Maitland plan could turn land into city parks

Plan could lead to park space


  • By
  • | 9:00 a.m. December 22, 2016
Photo by: Sarah Wilson - Maitland Mayor Howard Schieferdecker plays referee as fellow Council member John Lowndes gets in his kicks for charity at the fifth annual Friends of First Response Kickball Tournament on May 19.
Photo by: Sarah Wilson - Maitland Mayor Howard Schieferdecker plays referee as fellow Council member John Lowndes gets in his kicks for charity at the fifth annual Friends of First Response Kickball Tournament on May 19.
  • Winter Park - Maitland Observer
  • News
  • Share

Maitland is more than 40 acres short of fulfilling the quota of desired parkland per resident set out in its master plan. But the answer to adding more parkland under the city’s purview could be as simple as changing a few sentences in its code to use land it already owns.

The current Parks Master Plan, which went into effect in 2002, sets the goal of the city having 5 acres of parkland – 2.5 acres of community park, and 2.5 acres of neighborhood park – per 1,000 residents. For its current population of 17,598, the city is 40 acres short of hitting that goal, according to numbers tabulated by the Parks & Recreation Master Plan Subcommittee.

“If you do the math…here today we stand at a deficit situation,” subcommittee member John Bauer told the City Council during its meeting on Monday, Dec. 12.

But, he and fellow subcommittee member Ellen Goldstein suggested a simple classification switch to get the city in compliance. Right now, the city only counts community and neighborhood parks – such as Lake Lily and Quinn Strong parks – when it tabulates its acreage. By broadening the definition of parkland to include different types of parks and open space, the subcommittee suggests that the city could reach a new goal of having 10 acres of parkland and open space per 1,000 residents – quadrupling its total classified parkland from 48 to 213 acres.

By including special-use parks like the Maitland Ballfield Complex, mini parks like Hamlet Park, school parks like those at Lake Sybelia and Maitland Middle, as well as natural resources areas, the city could actually reach a surplus of parkland by 3.8 acres in 2025 when the city’s population is predicted to hit 20,920.

“[The old] method of planning does not reflect the true value of the tremendous assets that the city already has in its possession,” Goldstein said.

The new plan, Bauer told the City Council, would be more of a distributed plan that would utilize all of the city’s parks instead of putting a focus on only a few.

“It's long overdue to be able to functionally utilize what we have and make it as good as it should be,” said Mayor Dale McDonald.

Changing the park acreage goal is one change of many proposed as part of the Parks & Recreation Master Plan 2.0 now in the works. After months of surveying residents and working with planning consultants, the Parks & Recreation Master Plan Subcommittee has updated a list of priorities for parks in Maitland. The biggest change since the plan was last updated over a decade ago: the strong desire for interconnectivity between parks.

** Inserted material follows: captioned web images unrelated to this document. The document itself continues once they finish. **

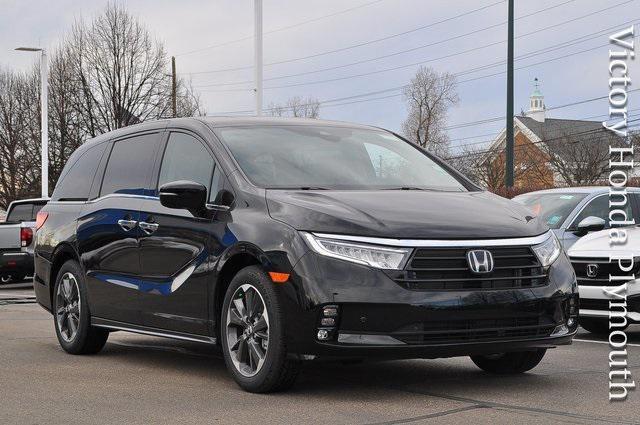 new 2024 Honda Odyssey car, priced at $47,765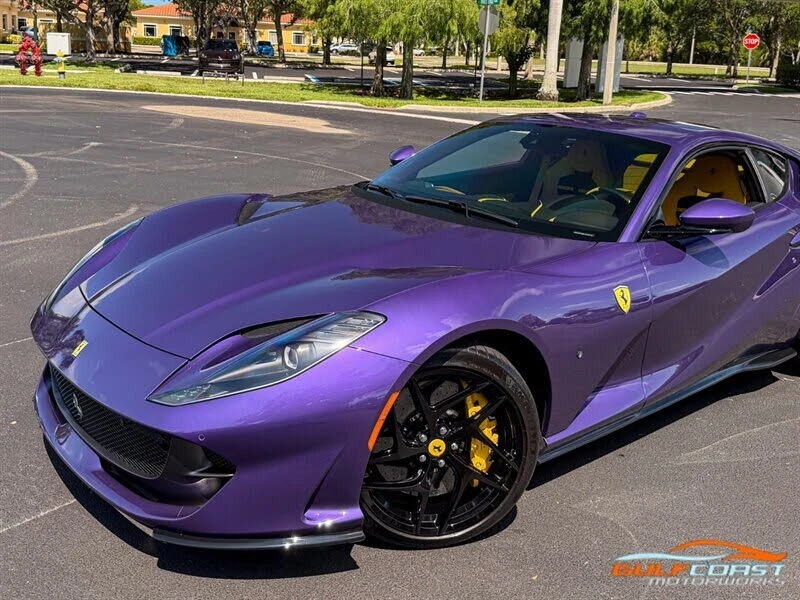 2020 Ferrari 812 Superfast - Image 9 of 31
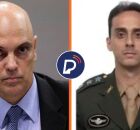 Ministro Alexandre de Moraes e Kid Preto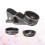 3 Phone Camera Lens Macro For Kit Fish Eye Lenses Black 5
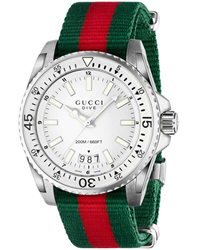 Gucci Dive Men's Watch Model: YA136207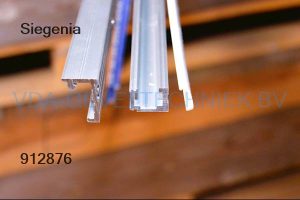 Siegenia PROF.S.PSK  GR130/286  K1 PMPJ0120-501012 Ral9001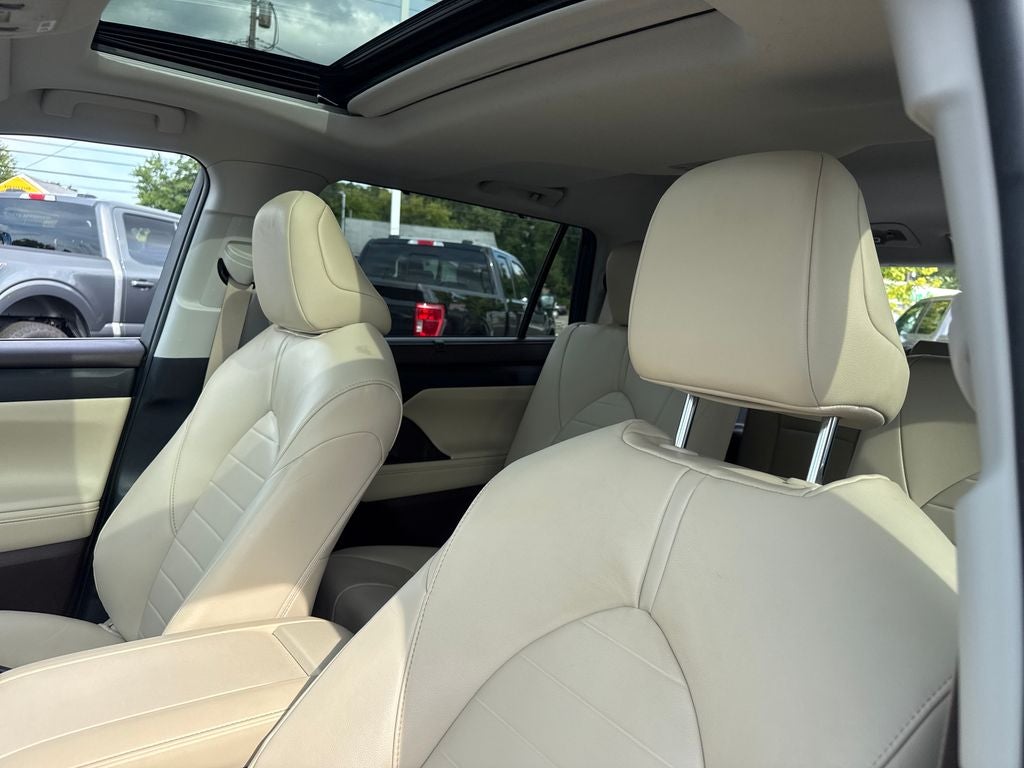 2020 Toyota Highlander XLE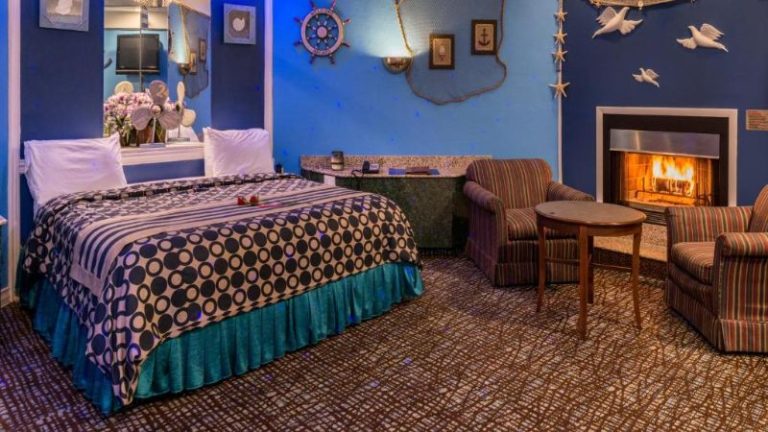 Inn of the Dove Romantic Suites Bensalem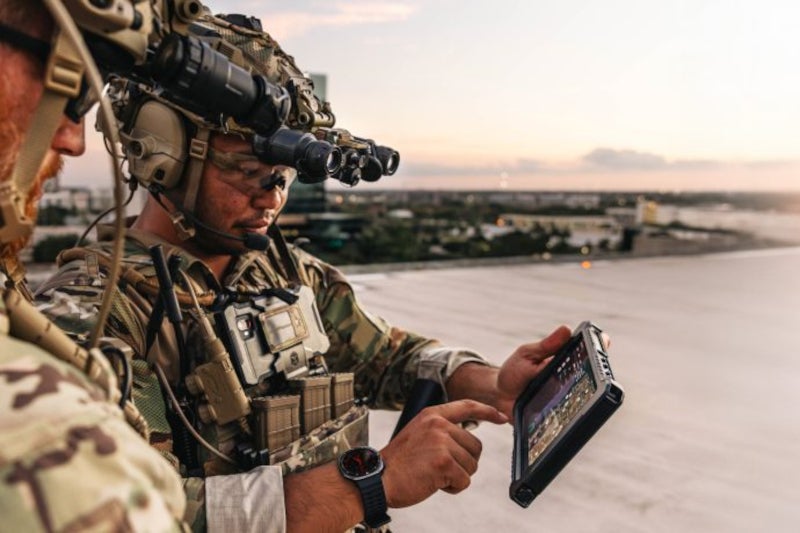 Samsung Galaxy Tab Active 5 Tactical Edition Features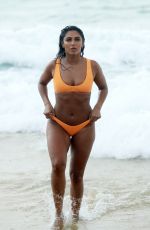 SOGAND MOHTAT in Bikini at Bondi Beach 03/24/2020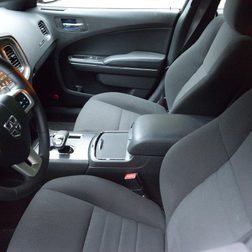 2013 Dodge Charger AWD interior front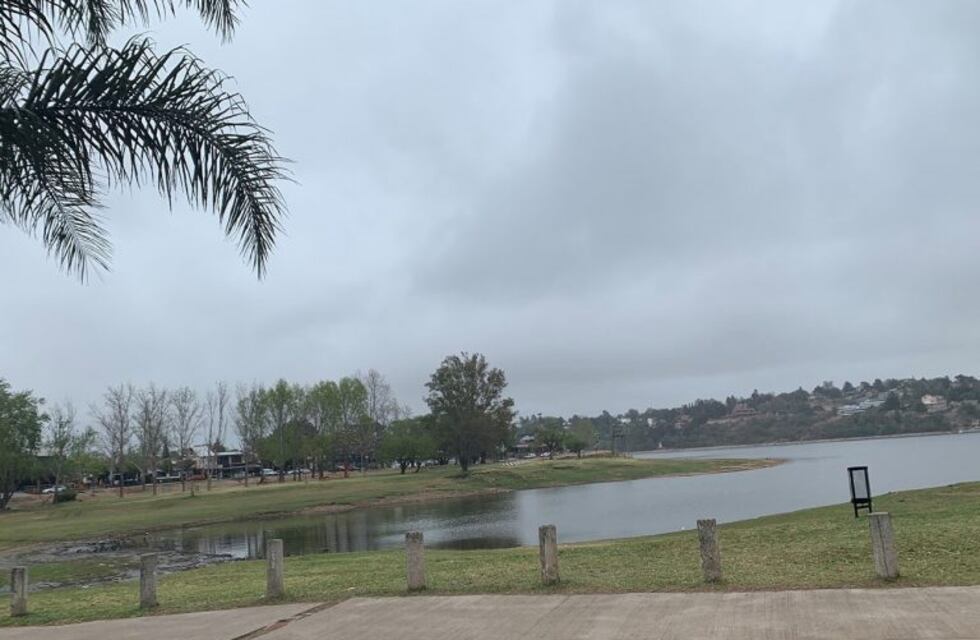 Viernes fresco e inestable en Villa Carlos Paz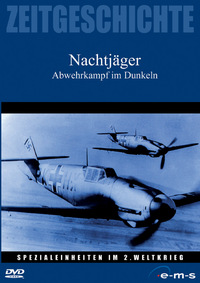 Zeitgeschichte - Nachtjäger (DVD)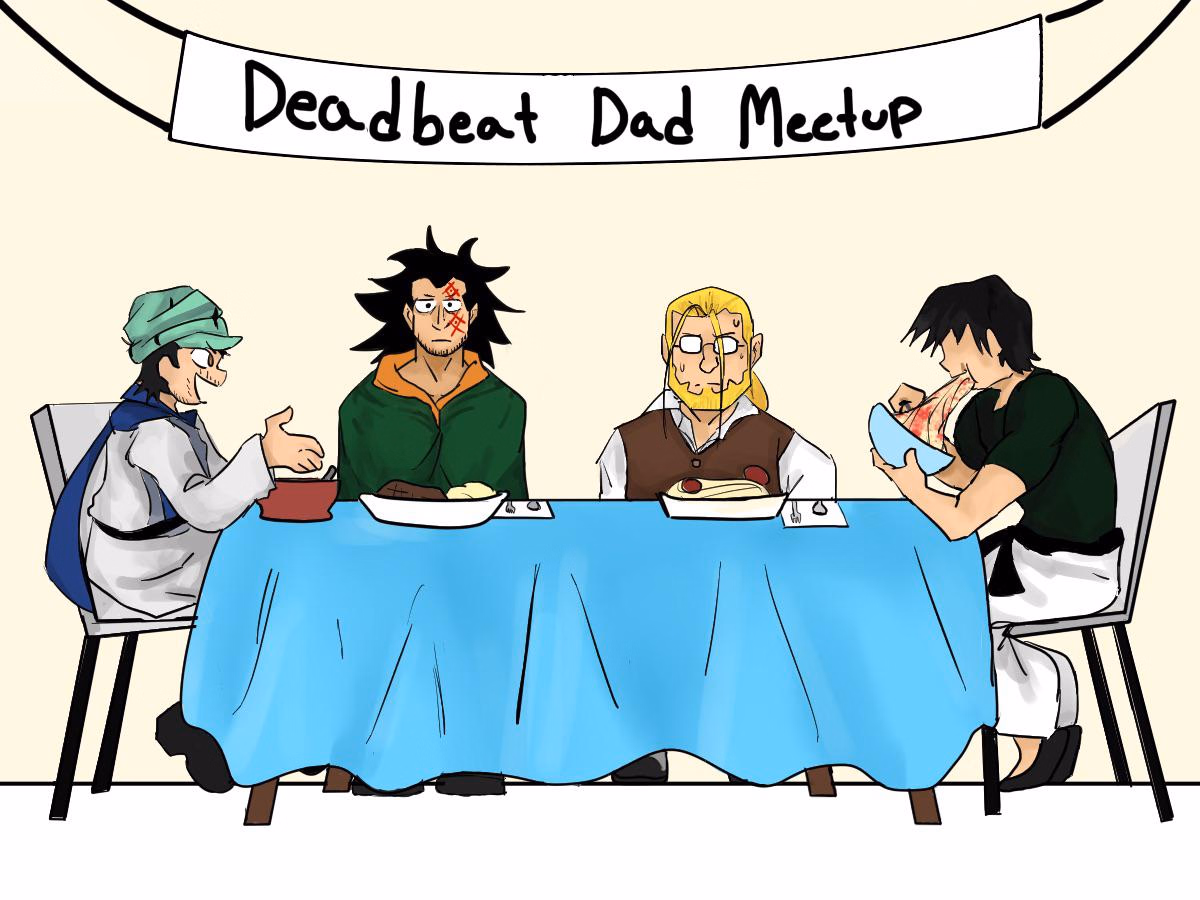 VN Others Completed Stealing Mother from the Deadbeat Dad She Can’t Leave: Pursued, Loved, and Taken Away [Final] [Appetite]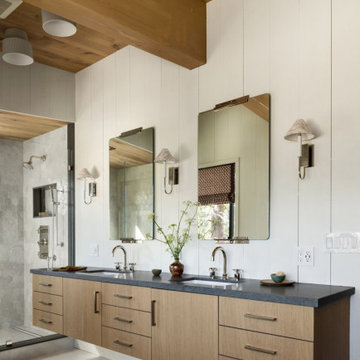 Modern Ski Chalet
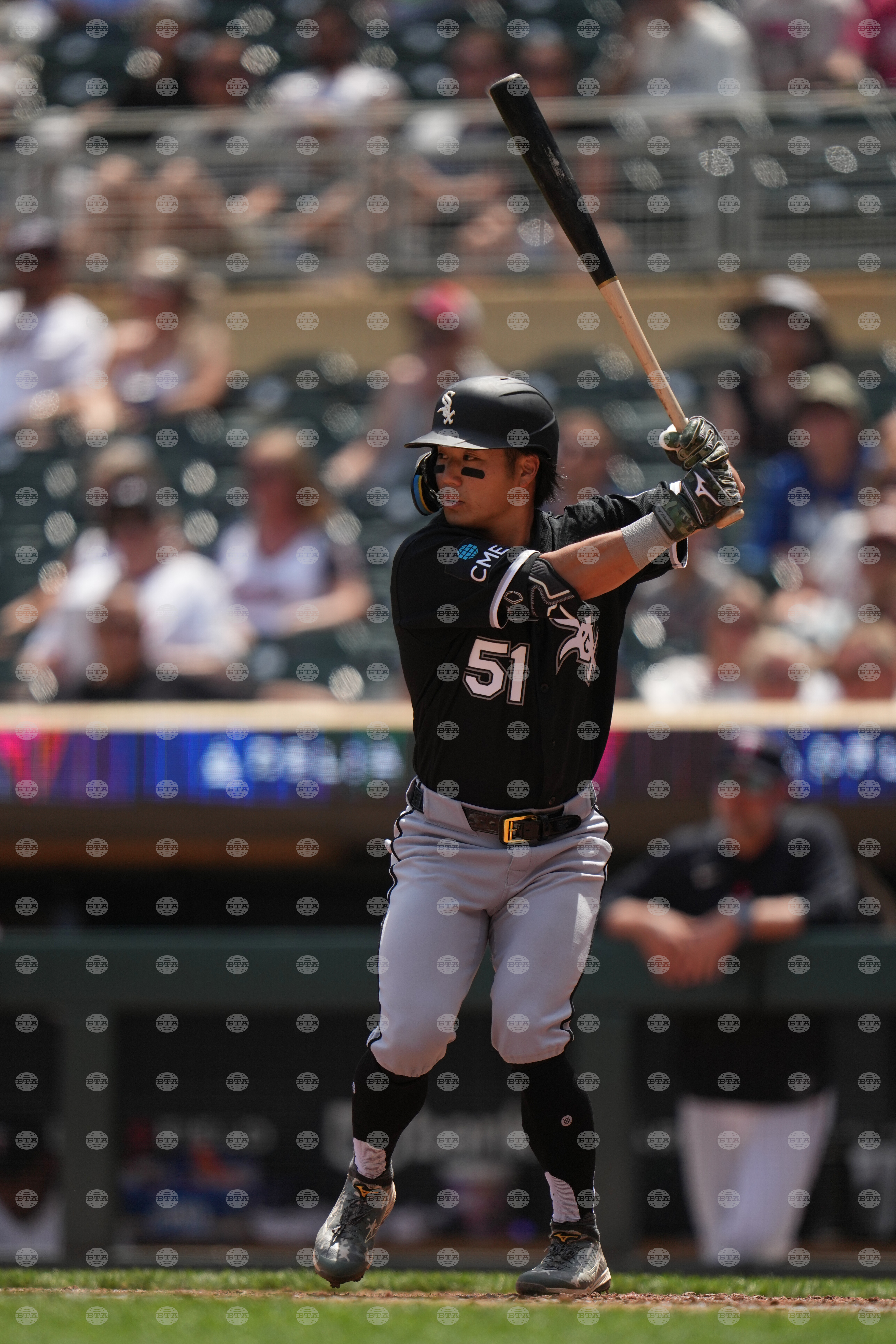 White Sox Twins Baseball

According to feedback from residents, interconnectivity is just as important as improving the city’s existing parks.

“The residents of Maitland are very interested in being able to move to their parks and between their parks spaces,” Bauer said. “…They want to walk, ride their bikes and make it there without jumping in their car.”

Another top priority found throughout the resident surveys, is a desire for more expanded programing in the parks to add to the city’s existing special events and the Sunday farmers market.

“We’re looking to really take full use of all the properties the city currently has, within the parks system and throughout the city of Maitland,” Bauer said.

After receiving suitable feedback from the City Council on changing its acreage goals in the new master plan, Bauer and Goldstein said the subcommittee’s next steps will be to refine the list of improvements needed to address the city’s needs, and to come up with a price tag for those improvements before finalizing the new master plan next year.